職場である飲食店で、酔った若い女性のお客様が食べながら寝てしまっているのを見て、とても可愛いなぁとほっこりしていた。その隣り座っている彼女の母親らしき人が茶々を入れて愛おしそうに笑っていた。その関係性が素直にとても羨ましいなぁと思い、気づいたら涙がこぼれていた。マスクをしていたから多分女将にもバレなかっただろう。本当に助かった。
仕事終わりにふと本屋に立ち寄りたくなり、目当ての本を探していたのだがなかなか見つからず、ふと目に入った本を手に取る。内容は読まずとも、何か自分の中にヒントが立ち上がりそうな感覚だった。が、あと少し惜しいような感覚もあった。
その本の中に同じ著者の別の書籍を勧める小さな白黒の広告が入っていた。これにピン!ときた。しかし、似たような書籍なのに近くを探してもなかなか見つからない。

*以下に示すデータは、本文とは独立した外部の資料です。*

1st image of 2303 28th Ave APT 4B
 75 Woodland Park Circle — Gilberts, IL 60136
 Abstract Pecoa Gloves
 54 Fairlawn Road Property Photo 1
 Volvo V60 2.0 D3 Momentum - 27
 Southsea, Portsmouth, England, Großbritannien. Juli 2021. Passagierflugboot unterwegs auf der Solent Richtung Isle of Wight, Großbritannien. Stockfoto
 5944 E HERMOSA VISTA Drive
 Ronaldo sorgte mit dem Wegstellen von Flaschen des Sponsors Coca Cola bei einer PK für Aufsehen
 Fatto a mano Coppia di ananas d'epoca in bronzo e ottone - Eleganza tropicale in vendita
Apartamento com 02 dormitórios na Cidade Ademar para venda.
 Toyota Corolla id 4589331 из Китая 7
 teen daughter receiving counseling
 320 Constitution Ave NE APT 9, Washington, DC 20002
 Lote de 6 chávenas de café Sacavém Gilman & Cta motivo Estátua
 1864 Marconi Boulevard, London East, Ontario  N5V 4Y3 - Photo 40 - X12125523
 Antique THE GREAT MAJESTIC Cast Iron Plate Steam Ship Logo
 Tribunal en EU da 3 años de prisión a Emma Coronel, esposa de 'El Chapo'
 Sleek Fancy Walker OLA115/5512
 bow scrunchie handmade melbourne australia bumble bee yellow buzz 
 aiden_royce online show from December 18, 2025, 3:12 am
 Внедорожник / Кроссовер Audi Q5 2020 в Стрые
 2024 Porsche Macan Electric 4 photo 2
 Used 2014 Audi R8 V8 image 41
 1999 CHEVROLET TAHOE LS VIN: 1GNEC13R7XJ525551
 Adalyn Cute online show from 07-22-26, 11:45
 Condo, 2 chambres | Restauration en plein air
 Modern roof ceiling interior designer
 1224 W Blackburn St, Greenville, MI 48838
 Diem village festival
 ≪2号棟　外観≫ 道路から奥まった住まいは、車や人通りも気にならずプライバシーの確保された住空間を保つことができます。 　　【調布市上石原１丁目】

ぐるぐるとディスプレイを周回し、脇にあった本棚の1番下の段が何か臭う気がしてふと目をやると、目当ての本が2冊、寄り添って置いてあった。そのうちの1冊を手にした瞬間、何故か涙が止まらなくなった。著者の経歴を見てその理由が分かった気がした。私はこの本に出会うために、このもどかしくスッキリしない3年間があったのかも知れないと感じた。どうにもならない気持ちを一気に楽しみながら出力するために、今日の柔らかい感性があったのかも知れない。嬉しくて嬉しくて、その本を抱きしめながら、溢れる涙を抑えきれず、マスクの下で泣きながら帰宅した。